YOUR OBJECTIVE - Here the job is to retype the data word for word while leaving the pictures aside.

GIVEN INFORMATION -
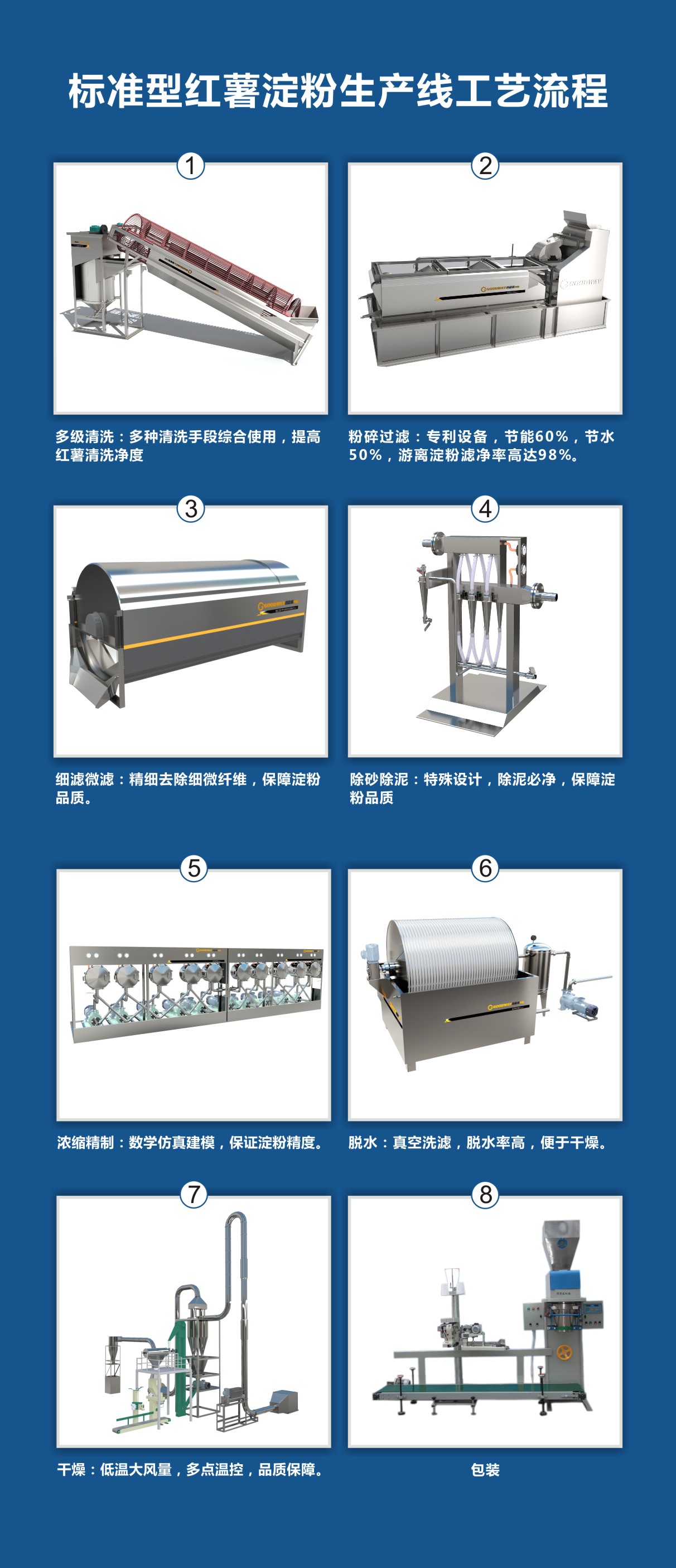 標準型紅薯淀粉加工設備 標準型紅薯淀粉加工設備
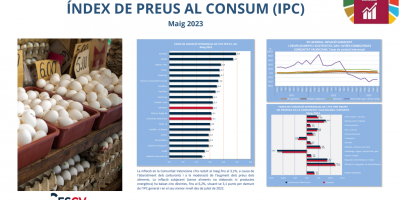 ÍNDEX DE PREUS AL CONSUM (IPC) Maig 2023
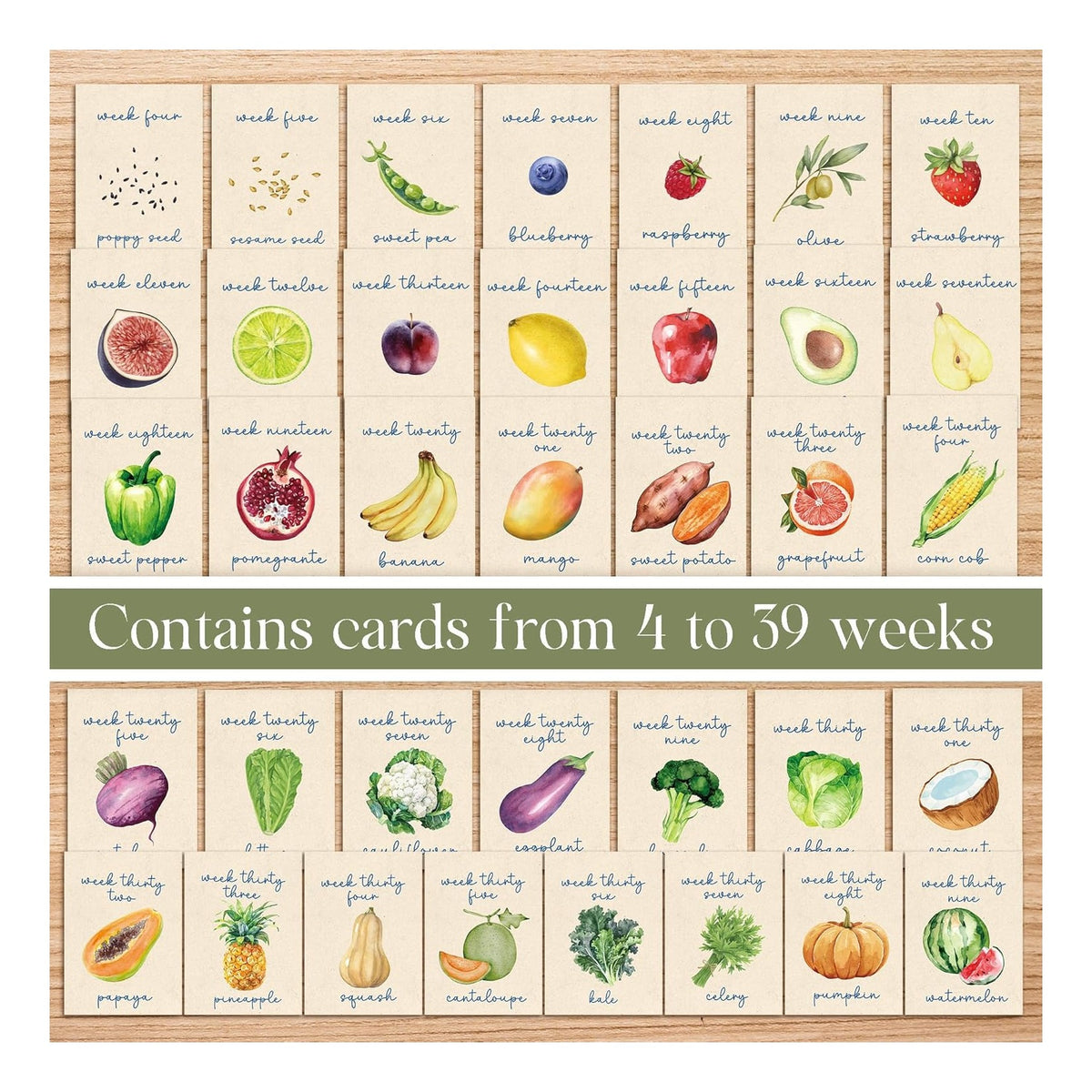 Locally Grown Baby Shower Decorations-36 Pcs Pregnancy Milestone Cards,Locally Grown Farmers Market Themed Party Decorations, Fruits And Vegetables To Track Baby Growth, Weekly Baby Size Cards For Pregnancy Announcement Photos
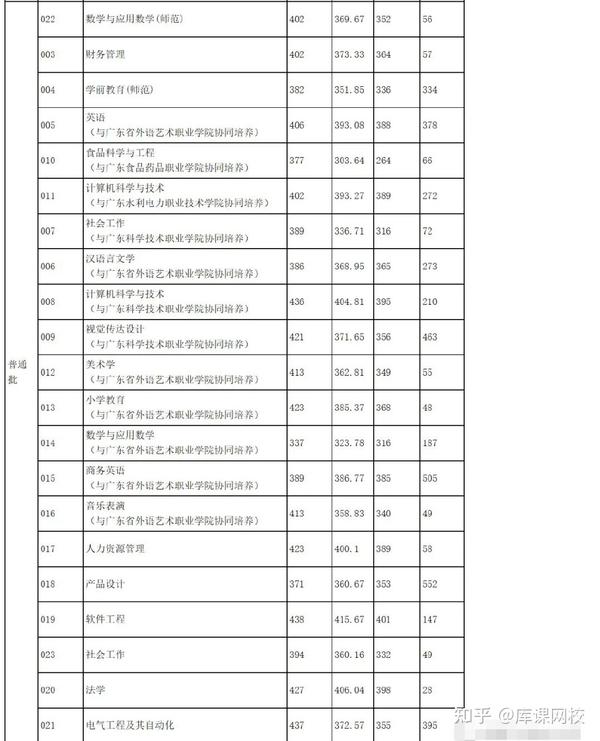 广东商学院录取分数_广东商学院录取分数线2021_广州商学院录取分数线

EXERCISE SOLUTION -
 標準型紅薯淀粉加工設備 標準型紅薯淀粉加工設備
 ÍNDEX DE PREUS AL CONSUM (IPC) Maig 2023
 Locally Grown Baby Shower Decorations-36 Pcs Pregnancy Milestone Cards,Locally Grown Farmers Market Themed Party Decorations, Fruits And Vegetables To Track Baby Growth, Weekly Baby Size Cards For Pregnancy Announcement Photos
 广东商学院录取分数_广东商学院录取分数线2021_广州商学院录取分数线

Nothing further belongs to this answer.